Nos vies valent plus que leurs profits

Être capable de semer la terreur en Afrique ne suffit pas pour affronter d’autres puissances !

Dans le cadre de la guerre froide, l’impérialisme français tenait à conserver une place importante, en Europe en tout cas, au sein des impérialismes occidentaux. Avec la chute du mur de Berlin, la France, comme la plupart des autres pays européens, avait réduit ses dépenses militaires.

Depuis la fin de la Deuxième Guerre mondiale, l’armée française s’était exclusivement illustrée dans des guerres coloniales et, depuis la fin de la guerre d’Algérie, elle était essentiellement déployée en Afrique, dans plusieurs de ses anciennes colonies, pour assurer le maintien de l’ordre impérialiste. Une armée organisée et équipée pour faire face à des populations démunies ou à des relativement petits groupes armés. Mais l’accumulation de tensions entre grandes puissances impérialistes ces dernières années pousse les dirigeants français à réorienter la doctrine militaire vers ce qu’ils appellent « la guerre de haute intensité », c’est-à-dire l’affrontement contre une grande armée moderne.

En juin 2021, vingt mois donc avant le début de la guerre en Ukraine, un rapport d’un « Think tank » américain spécialisé dans les questions militaires, le RAND, se plaignait que la diplomatie française juge improbable une guerre avec la Russie et pointait les faiblesses de l’armée française : « Compte tenu de leurs priorités stratégiques, (les forces françaises) ont toujours plus de capacités que la plupart des autres armées européennes. Mais la capacité de la France de soutenir un conflit de haute intensité est, quoi qu’il en soit, limitée. Les militaires français pourraient être en mesure d’accomplir toutes leurs missions mais ils manquent de masse : ces opérations épuiseraient rapidement ses ressources matérielles et humaines. »

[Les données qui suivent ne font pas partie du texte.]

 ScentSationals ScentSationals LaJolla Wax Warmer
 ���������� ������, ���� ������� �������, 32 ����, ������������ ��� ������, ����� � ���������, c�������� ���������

Un constat semblable à celui que faisait au même moment l’Institut français des Relations internationales (Ifri) : « Alors que le format de la Marine nationale paraît taillé au plus juste, le double besoin de progressivité de la réponse et de concentration rapide des efforts au point décisif introduit l’impératif de masse. Il en va de même pour l’armée de Terre, où la perspective d’une confrontation face à un adversaire symétrique, capable de mobiliser des moyens à létalité équivalente voire supérieure, pose la question de la quantité d’hommes et d’équipements. Le retour de l’attrition dans un environnement aérien contesté et non-permissif exacerbe aussi le besoin de masse dans l’armée de l’Air et de l’Espace, à l’heure où sa structure de force est déjà fragilisée. »

Le 9 novembre 2022, la Revue nationale stratégique, présentée par le chef de l’État, faisait sienne ces préconisations : « La prise en compte du risque de conflit de haute intensité et de l’emploi de stratégies hybrides doit particulièrement guider nos réflexions pour accroître notre résilience » et énonçait dix objectifs stratégiques, dont celui de maintenir la France comme « alliée exemplaire dans l’espace euro-atlantique », « un des moteurs de l’autonomie stratégique européenne », ainsi qu’une « partenaire de souveraineté fiable et pourvoyeuse de sécurité crédible ». Tous les commentateurs de la presse bourgeoise insistent : après les vingt ans de période post-guerre froide, où l’armée s’est concentrée sur les opérations extérieures, il s’agit d’opérer une mutation.

Cette mutation n’a d’ailleurs pas commencé sous Macron, mais sous le mandat Hollande, qui a fixé que le budget Défense devait passer de 1,8 % à 2 % de la richesse nationale. À l’époque, le chef d’état-major des armées, le général Pierre de Villiers, avait aux côtés de Hollande et du ministre de la Défense d’alors, Jean-Yves Le Drian, publié une tribune dans lequel il était expliqué : « Nous devons nous assurer cet effort de défense pour moderniser les matériels, former les personnels », mais aussi « déployer des opérations ».

Comme on le voit, les « stratèges » n’avaient pas attendu le début de la guerre en Ukraine pour poser la question de moyens plus importants pour l’armée, autrement dit d’un retour à des budgets militaires plus conséquents. Le début de la guerre en Ukraine en février 2023 aura été l’occasion de mettre tout cela en œuvre.